C'est là que le savoir-faire et l'expérience procurent, soit une jolie manœuvre génératrice de bien-être, soit un moment de grand stress propre à dégoûter définitivement les moins aguerris.
Prendre un ris au portant à bord d'un multicoque
Contrairement à certaines idées reçues, cette opération ne nécessite nullement d'amener le bateau face au vent. J'irais même jusqu'à le déconseiller dans nombre de situations, pour limiter les mouvements du bateau et pour garder un vent apparent plus faible.
Voici un enchainement d'actions à réaliser promptement afin de réduire la grand-voile aux allures portantes, (soit à plus de 120° du vent réel), dans la joie et la bonne humeur !
- amener le bateau à 165/170 degrés du vent
- enrouler partiellement le génois jusqu'au tiers de sa surface totale
- choquer légèrement l'écoute de GV afin de diminuer sa puissance
- amener la bôme à 45° de l'axe du bateau
- régler la retenue de bôme de manière à prévenir un éventuel empannage intempestif
- choquer la drisse de GV. Elle s'affalera très peu, rapidement empêchée par les frottements.
- hâler fortement sur la bosse du deuxième ris.

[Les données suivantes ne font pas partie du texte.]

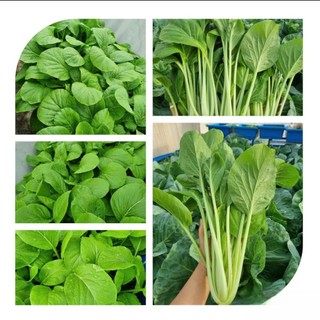 Hạt giống Cải Ngọt Cao Sản - Giòn Ngọt, Năng Suất Cao, Dễ Trồng Hàng CTY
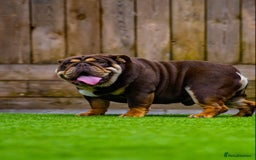 English Bulldog dogs for stud: Chocolate and tan stud includes 2 ai in Walsall - Image 2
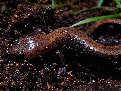 salamander12x.jpg"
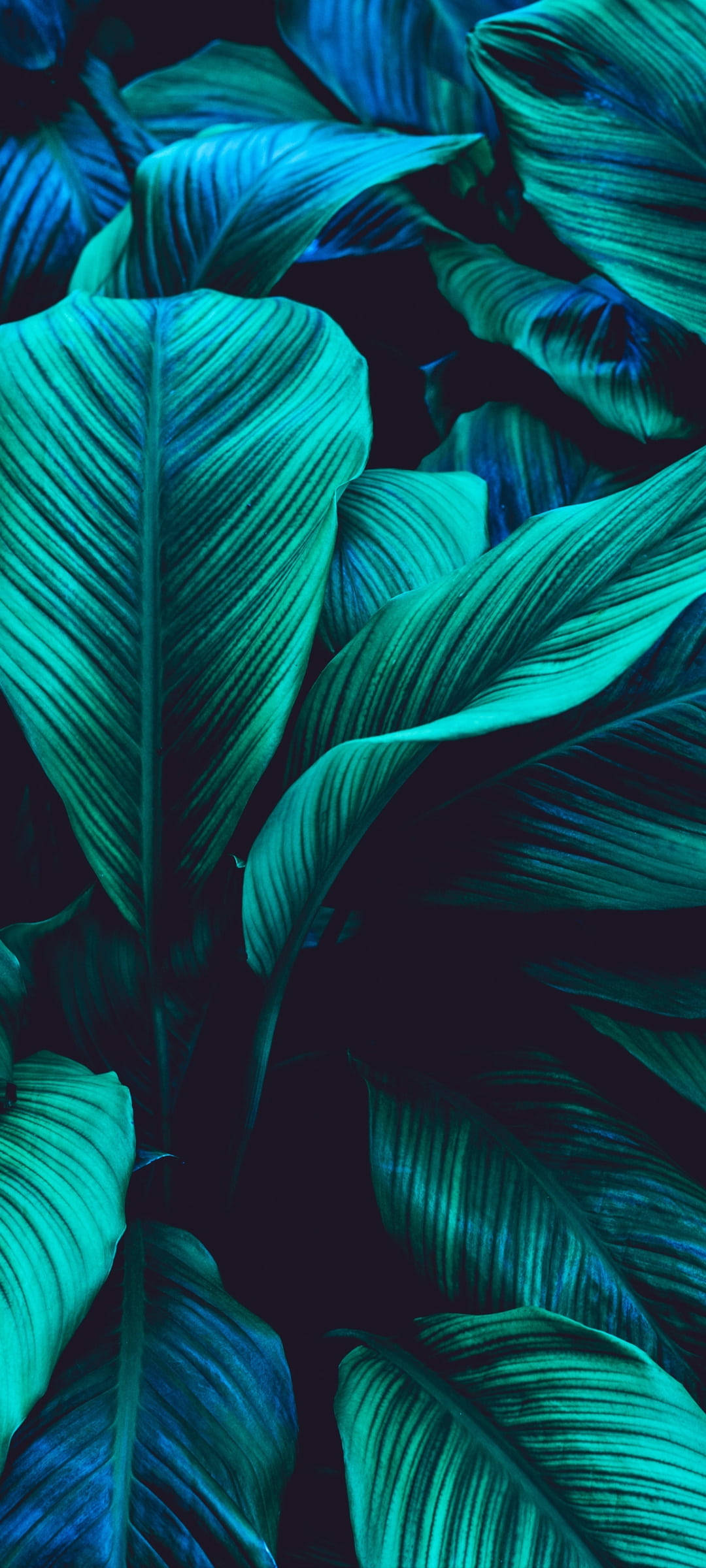 Multicolor Green Leaf Picha ya Ukuta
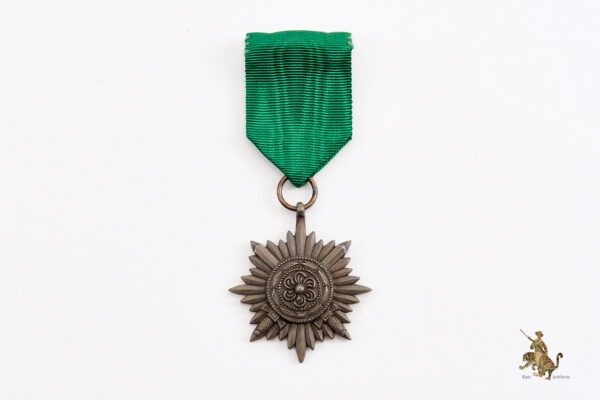 Ostvolk Medal Second Class in Bronze with Swords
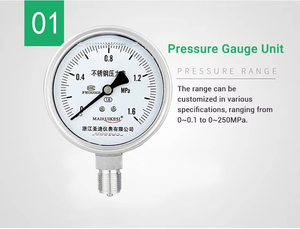 China Fornecido 1,6% Manômetro Preciso Medidor De Pressão Hidráulica Alta Precisão Manômetro De Aço Inoxidável Fosco - Product Image 3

Vous obligerez ainsi la têtière à descendre sans abîmer les lattes
- reprendre progressivement le mou du guindant, à la main et continuer à souquer la bosse jusqu'à amener le croc d'amure à hauteur du vit de mulet
- assurer l'amure
- étarquer le guindant
- étarquer la bosse de ris
- installer un bracelet en sangle ou en dyneema autour de la bôme pour reprendre les efforts de la bosse
- soulager la bosse de quelques centimètres afin de faire travailler le bracelet et non la bosse
- ranger correctement la toile dans le lazy bag
- reprendre le mou de la bosse du troisième ris afin qu'il soit immédiatement opérationnel en cas de besoin
- reprendre la route
- ajuster la surface du génois pour l'adapter à cette nouvelle configuration
Des réglages à surveiller pendant la manoeuvre
Lors de l'étarquage du guindant, il faudra surveiller la retenue de bôme et l'écoute de GV. Elles demanderont peut-être à être soulagées si le point d'écoute de la voile arisée est situé plus haut qu'avant.
Si le bateau est équipé de longues bosses de ris dites "automatiques", il est absolument indispensable d'avoir créé, au préalable, des marques sur la drisse, de façon à prépositionner l'oeil d'amure à la bonne hauteur.
Des précautions guidées par le sens marin
Bien entendu, avant d'entreprendre cette manœuvre, il est indispensable de s'être assuré, qu'on a suffisamment d'eau à courir.
Si, par grande prudence, on a beaucoup réduit la surface de la voile d'avant, on sera bien avisé de rendre quelques tours d'enrouleur afin de ne pas se trainer le reste de la nuit… On n'hésitera pas, après le grain, à le dérouler, même entièrement, sachant qu'il est bien plus aisé à manœuvrer que la grand-voile et que sa réduction ne prend que quelques secondes.